Hi Ralph,

 The "slot=N" directive saids to "put this proc on core N". In your file,
you stipulate that

>
> rank 0 is to be placed solely on core 0
> rank 1 is to be placed solely on core 2
> etc.
>

That is exactly what I want to achieve but from the mpirun cmd instead of
using a rankfile and I am failing...


> That is not what you asked for in your mpirun cmd. You asked that each
> proc be mapped to TWO cores (PE=2) or FOUR threads (PE=4 with bind-to HWT).
>
If you wanted that same thing in a rankfile, it should have said
>
> rank 0 slots=0-1
> rank 1 slots=2-3
> etc.
>
> Hence the difference. I was simply correcting your mpirun cmd line as you
> said you wanted two CORES, and that isn't guaranteed if you are stipulating
> things in terms of HWTs as not every machine has two HWTs/core.
>
>
>
> On Feb 28, 2021, at 7:43 AM, Luis Cebamanos via users <
> users@lists.open-mpi.org> wrote:
>
> Hi Ralph,
>
> Thanks for this, however --map-by ppr:32:socket:PE=2 --bind-to core
> reports the same binding than --map-by ppr:32:socket:PE=4 --bind-to
> hwthread:
>
> [epsilon104:2861230] MCW rank 0 bound to socket 0[core 0[hwt 0-1]], socket
> 0[core 1[hwt 0-1]]: [BB/BB/../../../../
>
> ../../../../../../../../../../../../../../../../../../../../../../../../../../../../../../../../../../../../../../
>
> ../../../../../../../../../../../../../../../../../../../..][../../../../../../../../../../../../../../../../../..
>
> /../../../../../../../../../../../../../../../../../../../../../../../../../../../../../../../../../../../../../..

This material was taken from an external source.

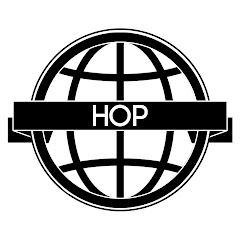 HOP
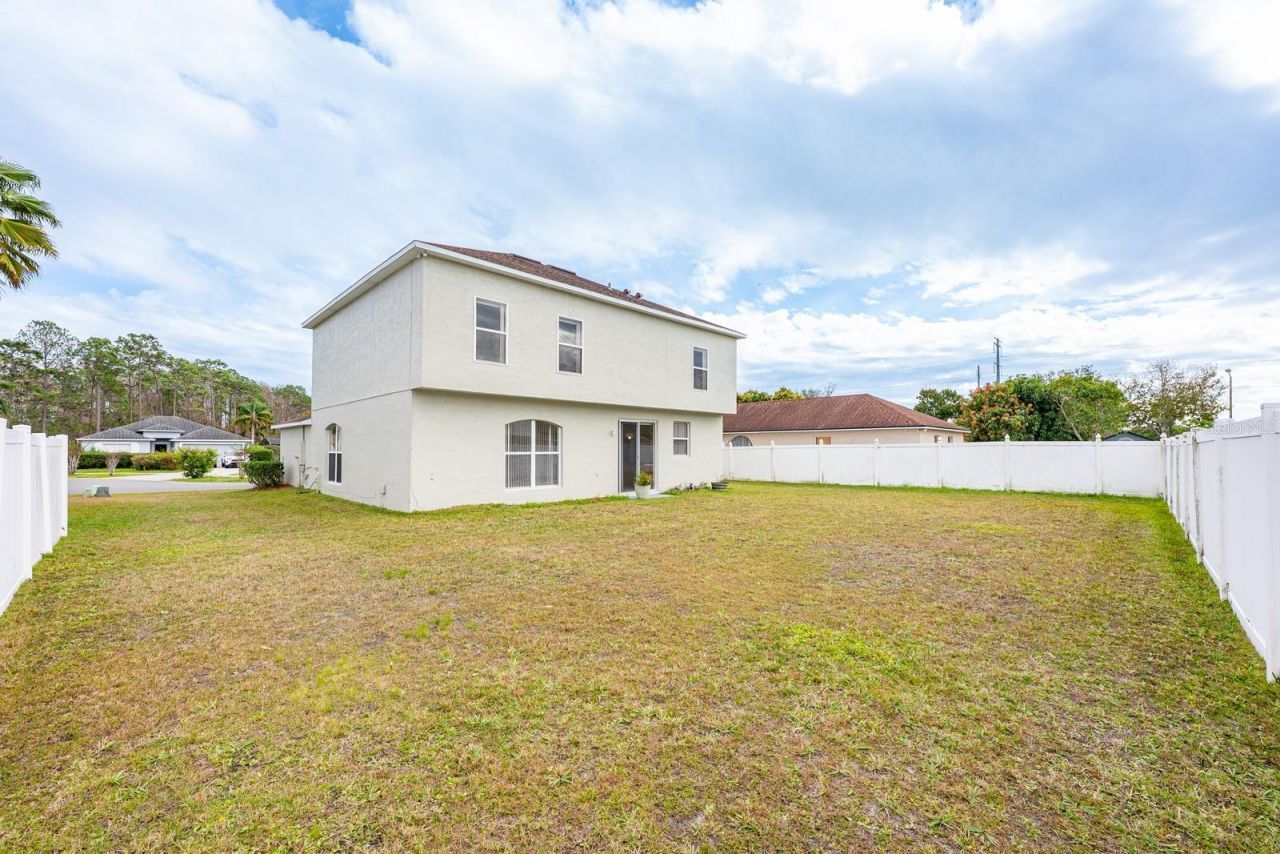 3222 Reserve Court, Orlando, FL 32825 Photo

> /../../../../../../../..]
> [epsilon104:2861230] MCW rank 1 bound to socket 0[core 2[hwt 0-1]],
> socket 0[core 3[hwt 0-1]]: [../../BB/BB/../../
>
> ../../../../../../../../../../../../../../../../../../../../../../../../../../../../../../../../../../../../../../
>
> ../../../../../../../../../../../../../../../../../../../..][../../../../../../../../../../../../../../../../../..
>
> /../../../../../../../../../../../../../../../../../../../../../../../../../../../../../../../../../../../../../..

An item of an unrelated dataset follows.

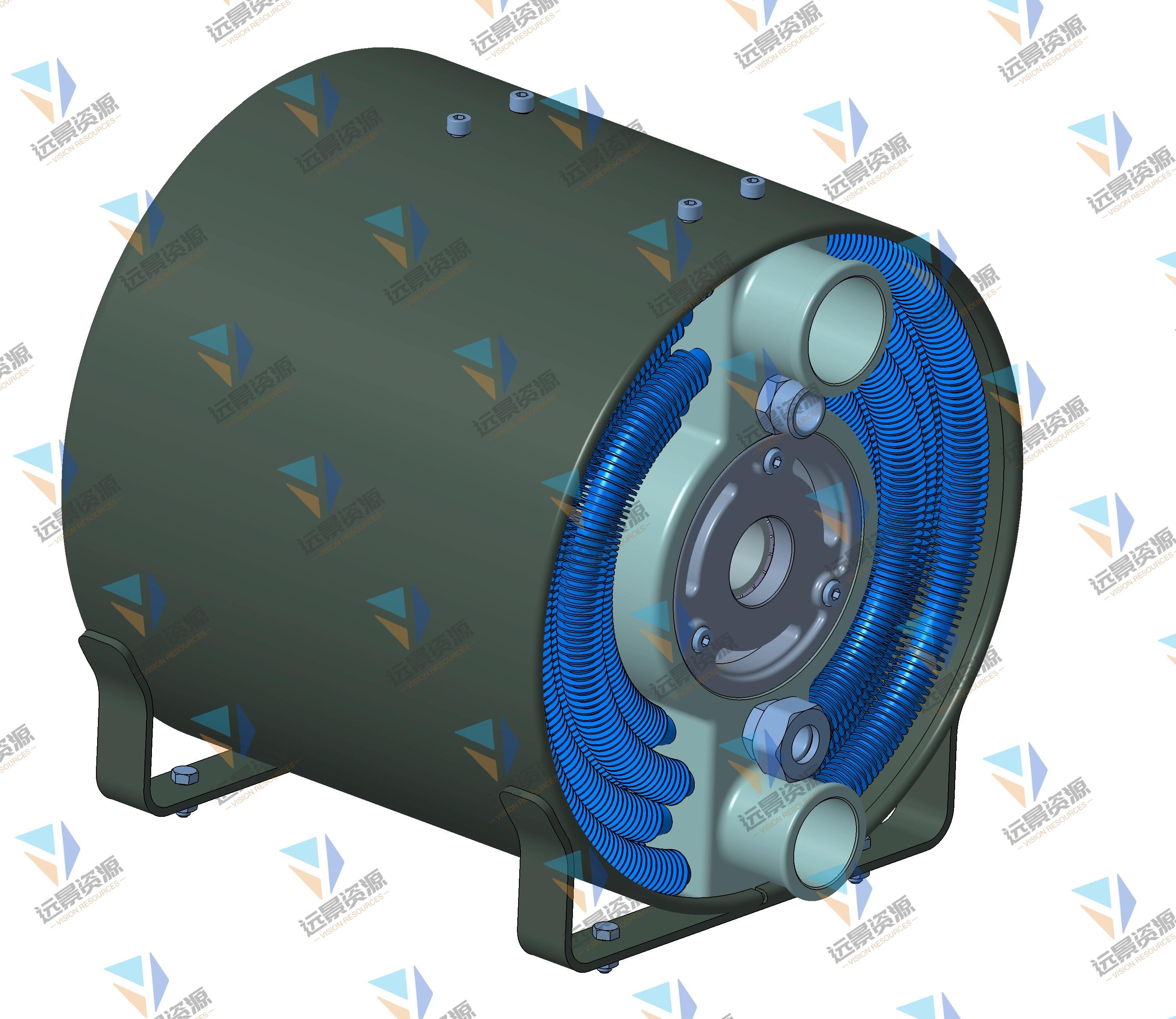 circular-radiator STP.jpg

> /../../../../../../../..]
> [epsilon104:2861230] MCW rank 2 bound to socket 0[core 4[hwt 0-1]],
> socket 0[core 5[hwt 0-1]]: [../../../../BB/BB/
>
> ../../../../../../../../../../../../../../../../../../../../../../../../../../../../../../../../../../../../../../
>
> ../../../../../../../../../../../../../../../../../../../..][../../../../../../../../../../../../../../../../../..
>
> /../../../../../../../../../../../../../../../../../../../../../../../../../../../../../../../../../../../../../..

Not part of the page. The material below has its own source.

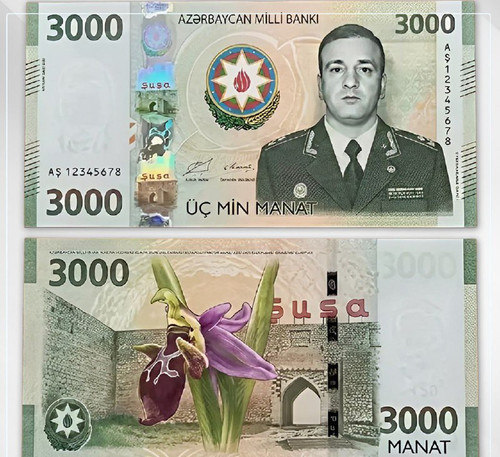n8R0ELIdRbwrSm1F3JyI9OARAgxXcDQp59hz2xZbXjmJq8L Cj6alx2AOaG1o8kQ41chpEiZAjy6pkZWjSS sKCkrdywm1 NexfU.jpg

> /../../../../../../../..]
>
> And this is still different from the output produce using the rankfile.
>
> Cheers,
> Luis
>
> On 28/02/2021 14:06, Ralph Castain via users wrote:
>
> Your command line is incorrect:
>
> --map-by ppr:32:socket:PE=4 --bind-to hwthread
>
> should be
>
> --map-by ppr:32:socket:PE=2 --bind-to core
>
>
>
> On Feb 28, 2021, at 5:57 AM, Luis Cebamanos via users <
> users@lists.open-mpi.org> wrote:
>
> I should have said, "I would like to run 128 MPI processes on 2 nodes"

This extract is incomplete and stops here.